*** Data Section Begins ***

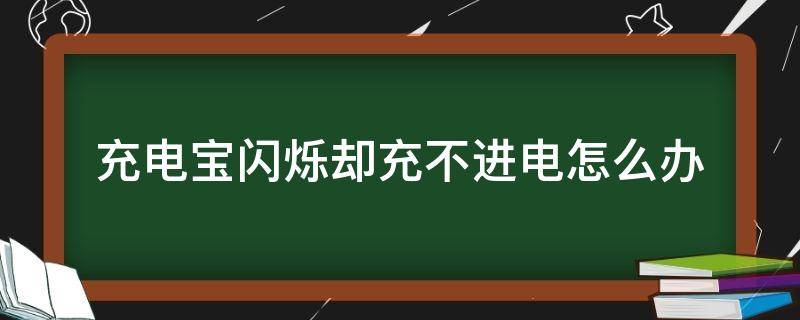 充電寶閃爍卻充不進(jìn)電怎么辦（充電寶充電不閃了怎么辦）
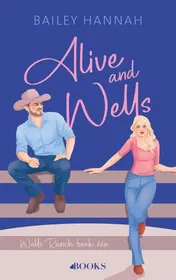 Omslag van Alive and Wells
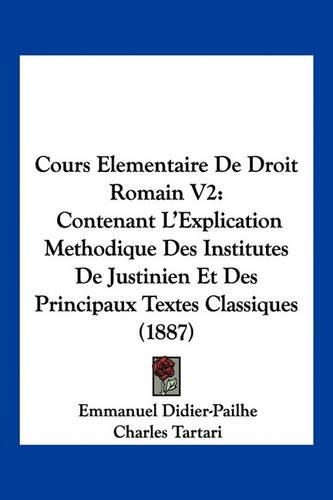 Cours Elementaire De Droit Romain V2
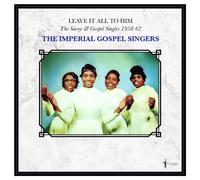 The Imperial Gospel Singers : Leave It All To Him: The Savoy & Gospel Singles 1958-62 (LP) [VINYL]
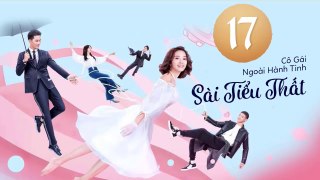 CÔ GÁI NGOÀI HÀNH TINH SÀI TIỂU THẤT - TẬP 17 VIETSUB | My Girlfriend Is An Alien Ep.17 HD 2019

*** Data Section Ends ***
*** Data Section Begins ***

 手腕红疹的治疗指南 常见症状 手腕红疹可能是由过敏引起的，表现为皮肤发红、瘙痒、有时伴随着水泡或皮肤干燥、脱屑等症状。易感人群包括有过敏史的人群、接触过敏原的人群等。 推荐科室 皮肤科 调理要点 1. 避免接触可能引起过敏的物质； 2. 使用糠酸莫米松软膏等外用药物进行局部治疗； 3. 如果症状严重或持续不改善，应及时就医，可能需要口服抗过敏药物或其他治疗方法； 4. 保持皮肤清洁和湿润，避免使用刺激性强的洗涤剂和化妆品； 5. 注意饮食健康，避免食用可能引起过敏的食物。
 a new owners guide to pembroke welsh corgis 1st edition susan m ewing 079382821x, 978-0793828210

*** Data Section Ends ***

- **What you have to do**: Using the records above, print exactly the lines between the ones containing "充電寶閃爍卻充不進(jìn)電怎么辦（充電寶充電不閃了怎么辦）" and "CÔ GÁI NGOÀI", inclusive, and nothing else; no pictures.

- **Reply to the task**:
 充電寶閃爍卻充不進(jìn)電怎么辦（充電寶充電不閃了怎么辦）
 Omslag van Alive and Wells
 Cours Elementaire De Droit Romain V2
 The Imperial Gospel Singers : Leave It All To Him: The Savoy & Gospel Singles 1958-62 (LP) [VINYL]
 CÔ GÁI NGOÀI HÀNH TINH SÀI TIỂU THẤT - TẬP 17 VIETSUB | My Girlfriend Is An Alien Ep.17 HD 2019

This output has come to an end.